= Input data =
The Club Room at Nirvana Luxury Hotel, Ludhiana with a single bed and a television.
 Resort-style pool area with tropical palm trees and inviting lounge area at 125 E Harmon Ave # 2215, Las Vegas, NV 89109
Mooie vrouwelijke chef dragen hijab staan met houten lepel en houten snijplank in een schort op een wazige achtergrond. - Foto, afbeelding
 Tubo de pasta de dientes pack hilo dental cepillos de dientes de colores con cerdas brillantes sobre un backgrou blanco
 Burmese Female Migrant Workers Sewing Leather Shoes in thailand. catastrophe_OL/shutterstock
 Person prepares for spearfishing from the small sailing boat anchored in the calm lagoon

= Task objective =
The data must be retyped in full, exactly as it reads.

= Expected answer =
The Club Room at Nirvana Luxury Hotel, Ludhiana with a single bed and a television.
 Resort-style pool area with tropical palm trees and inviting lounge area at 125 E Harmon Ave # 2215, Las Vegas, NV 89109
Mooie vrouwelijke chef dragen hijab staan met houten lepel en houten snijplank in een schort op een wazige achtergrond. - Foto, afbeelding
 Tubo de pasta de dientes pack hilo dental cepillos de dientes de colores con cerdas brillantes sobre un backgrou blanco
 Burmese Female Migrant Workers Sewing Leather Shoes in thailand. catastrophe_OL/shutterstock
 Person prepares for spearfishing from the small sailing boat anchored in the calm lagoon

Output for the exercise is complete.